* _Data provided_

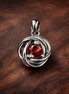 Red Eternity Circle Dangle Charm — display on walnut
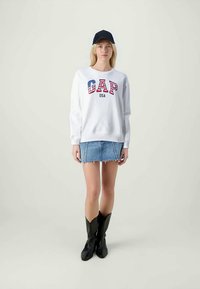 Biely sveter s grafiku "GAP USA" v červenej a modrej farbe, skombinovaný s džínsovou mini sukňou a čiernymi vysokými čižmami. Čierna čiapka na hlave.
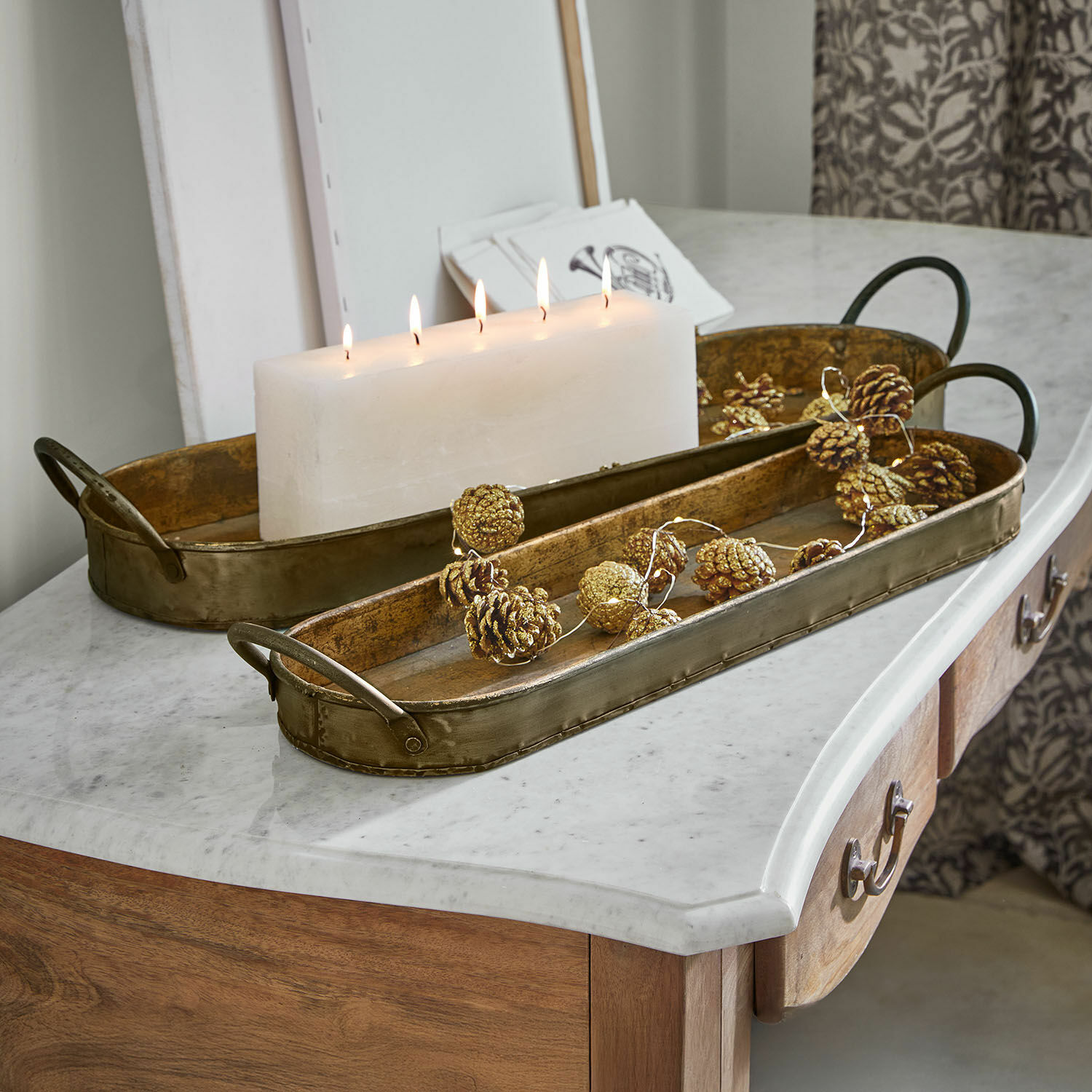 Coppia di vassoi Célianne Vassoio decorativo in metallo dorato su piano in marmo con candela bianca e decorazioni di pigne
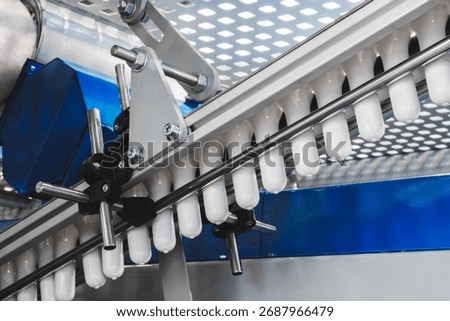 Machine for producing plastic beverage bottles using extrusion method from plastic preformed PET capsules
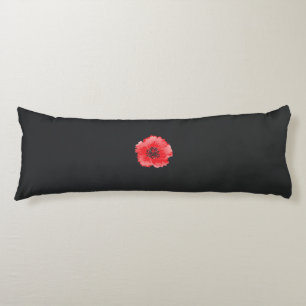 Coussins Longs une fleur rouge avec un centre noir sur un dossier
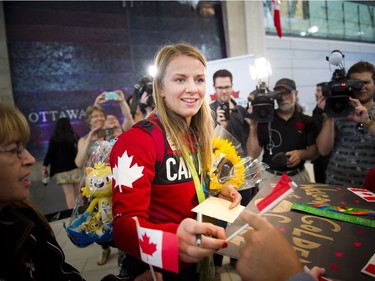 Gold medalist Erica Wiebe was greeted by family, friends and supporters after returning from the Olympics in Rio to the Ottawa Macdonald–Cartier International Airport Tuesday August 23, 2016.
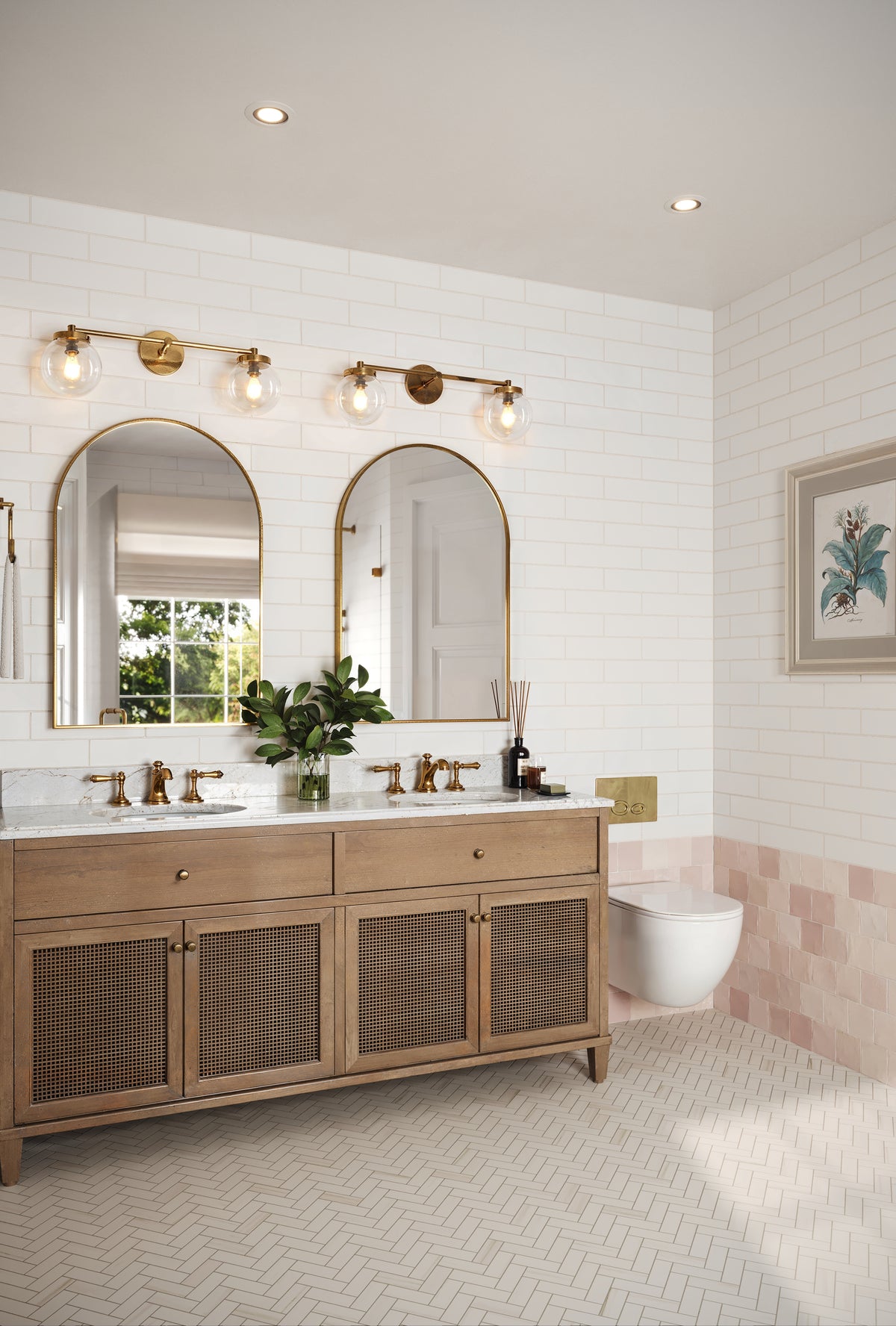 Bright bathroom featuring Madilyn Pearl 3x12 matte tiles on the wall, with a natural wood vanity, gold fixtures, and soft pink accents.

* _Action item_
Print the listing again exactly as it appears, except for the pictures, which stay out.

* _Final answer_
 Red Eternity Circle Dangle Charm — display on walnut
 Biely sveter s grafiku "GAP USA" v červenej a modrej farbe, skombinovaný s džínsovou mini sukňou a čiernymi vysokými čižmami. Čierna čiapka na hlave.
 Coppia di vassoi Célianne Vassoio decorativo in metallo dorato su piano in marmo con candela bianca e decorazioni di pigne
 Machine for producing plastic beverage bottles using extrusion method from plastic preformed PET capsules
 Coussins Longs une fleur rouge avec un centre noir sur un dossier
 Gold medalist Erica Wiebe was greeted by family, friends and supporters after returning from the Olympics in Rio to the Ottawa Macdonald–Cartier International Airport Tuesday August 23, 2016.
 Bright bathroom featuring Madilyn Pearl 3x12 matte tiles on the wall, with a natural wood vanity, gold fixtures, and soft pink accents.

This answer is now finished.